# EXTRACTED DATA
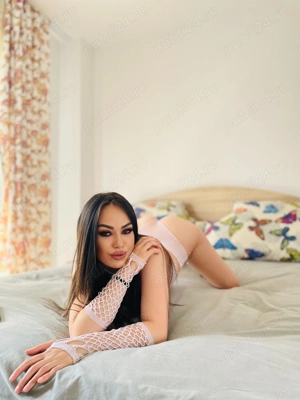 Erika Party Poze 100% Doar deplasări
==
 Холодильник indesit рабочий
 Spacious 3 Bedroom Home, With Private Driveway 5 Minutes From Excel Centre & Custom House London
---
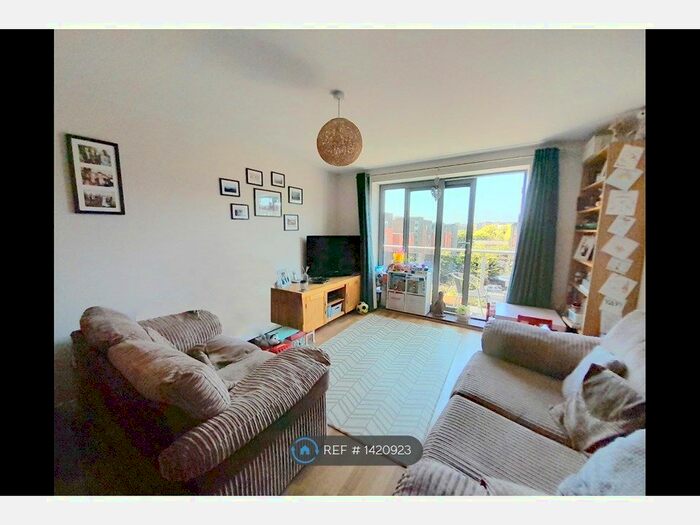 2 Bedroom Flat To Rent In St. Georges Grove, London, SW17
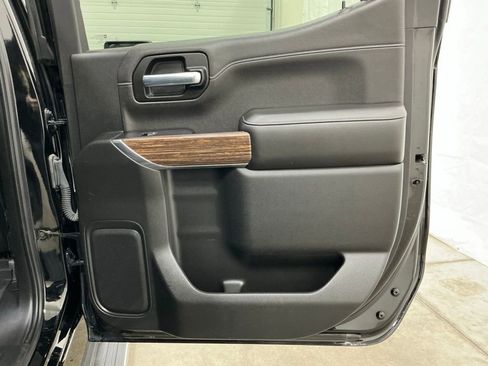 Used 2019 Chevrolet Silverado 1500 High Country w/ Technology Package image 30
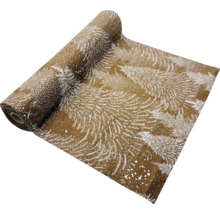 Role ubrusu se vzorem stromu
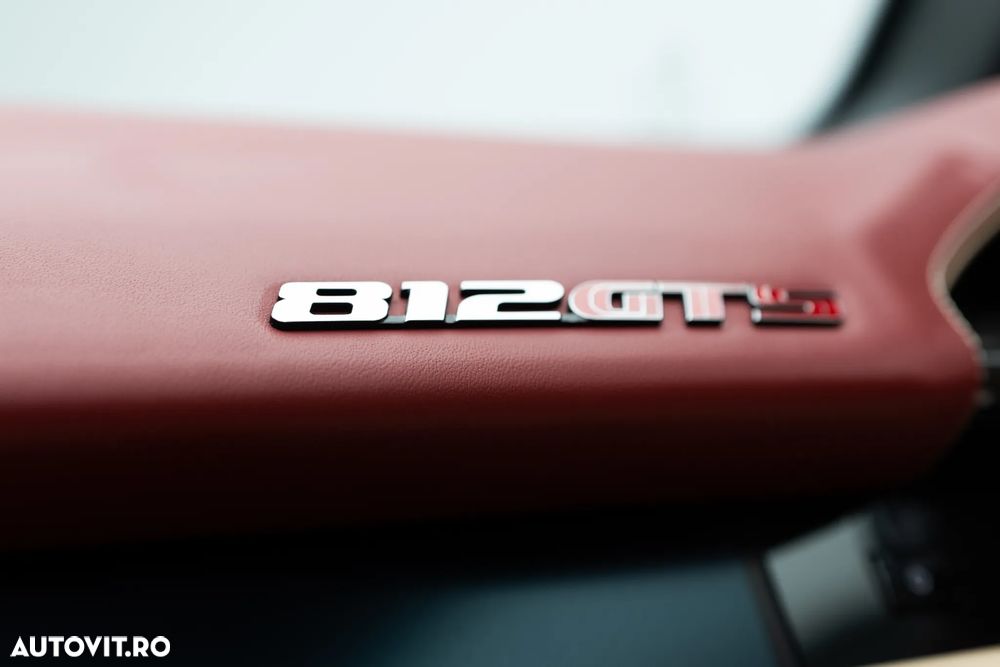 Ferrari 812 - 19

# DIRECTIONS
In the listing above, find the line with "Холодильник indesit рабочий" and the line with "Spacious 3 Bedroom", then reproduce both and every line between them exactly.

# OUTPUT FOR THIS EXERCISE
 Холодильник indesit рабочий
 Spacious 3 Bedroom Home, With Private Driveway 5 Minutes From Excel Centre & Custom House London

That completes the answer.